*Exercise materials*:
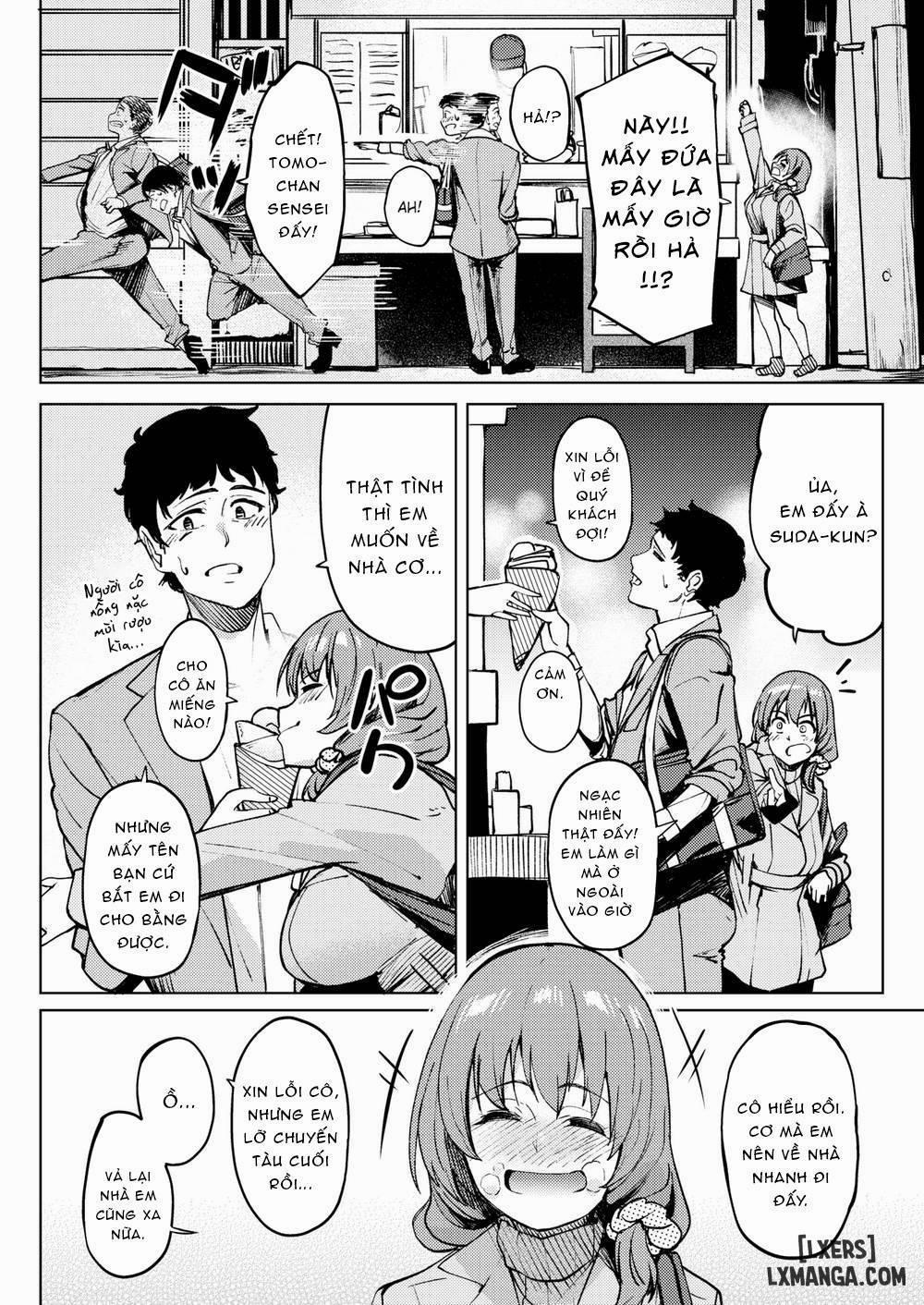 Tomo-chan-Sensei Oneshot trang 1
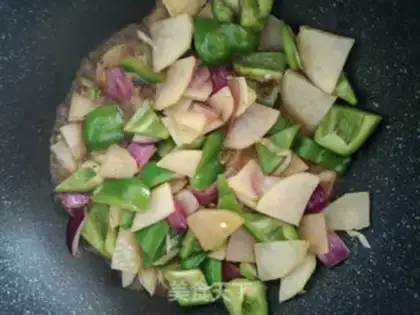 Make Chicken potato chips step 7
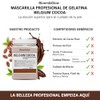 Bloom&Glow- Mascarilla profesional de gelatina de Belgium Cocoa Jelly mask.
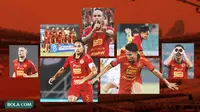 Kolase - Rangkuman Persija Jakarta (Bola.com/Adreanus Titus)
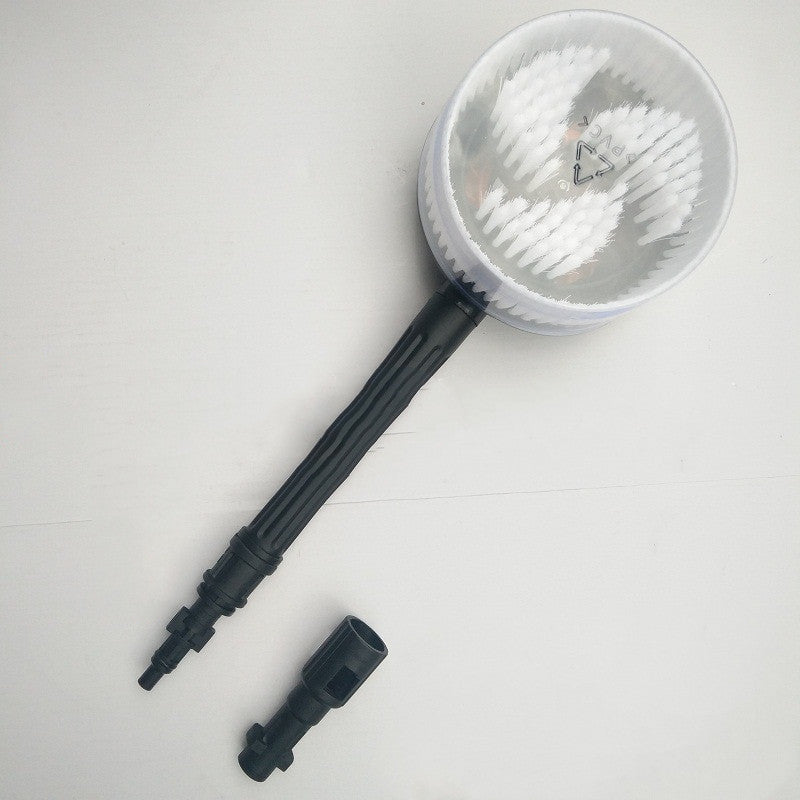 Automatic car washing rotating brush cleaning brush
---
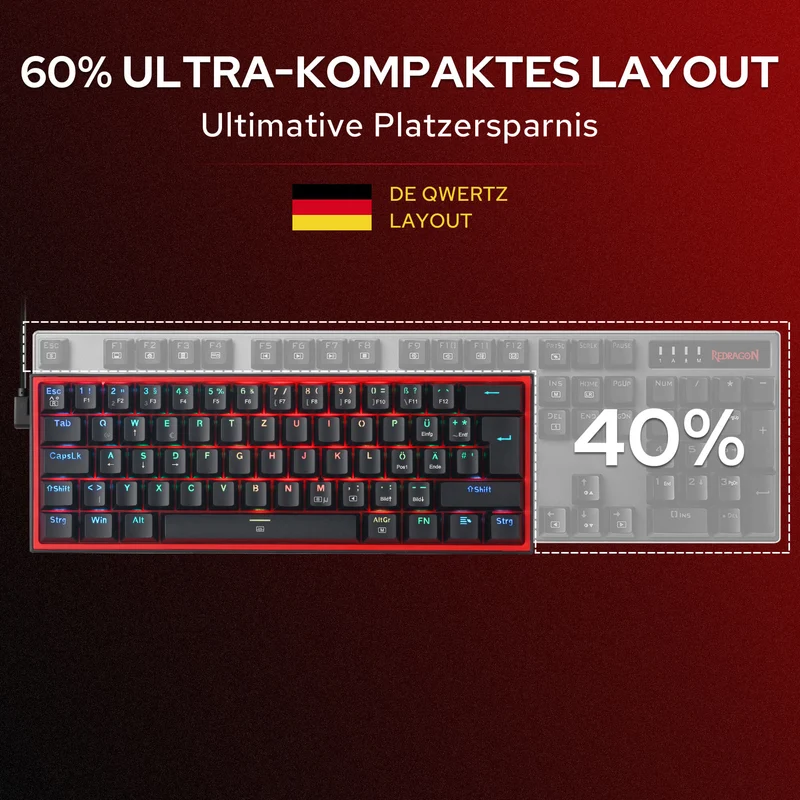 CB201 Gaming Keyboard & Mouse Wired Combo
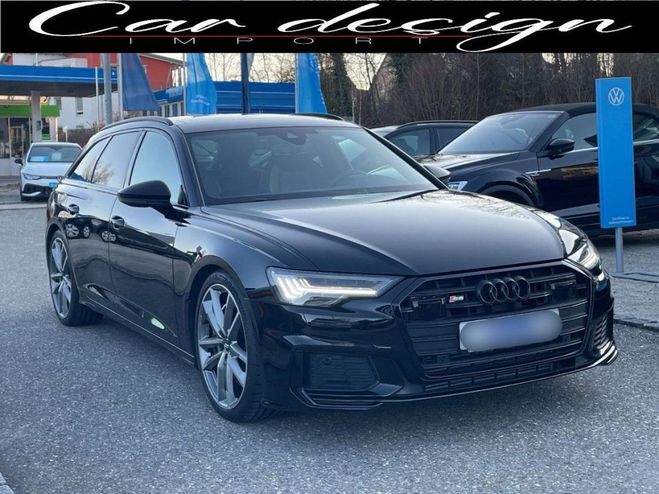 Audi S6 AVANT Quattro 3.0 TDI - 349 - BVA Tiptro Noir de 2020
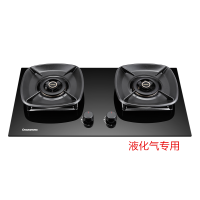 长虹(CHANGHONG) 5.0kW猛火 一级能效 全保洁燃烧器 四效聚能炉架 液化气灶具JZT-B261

*Exercise requirements*: Everything from the line above that contains "Tomo-chan-Sensei Oneshot trang 1" down to the line that contains "Automatic car washing" must be reproduced exactly, both ends included. Omit the pictures.

*Your solution*:
 Tomo-chan-Sensei Oneshot trang 1
 Make Chicken potato chips step 7
 Bloom&Glow- Mascarilla profesional de gelatina de Belgium Cocoa Jelly mask.
 Kolase - Rangkuman Persija Jakarta (Bola.com/Adreanus Titus)
 Automatic car washing rotating brush cleaning brush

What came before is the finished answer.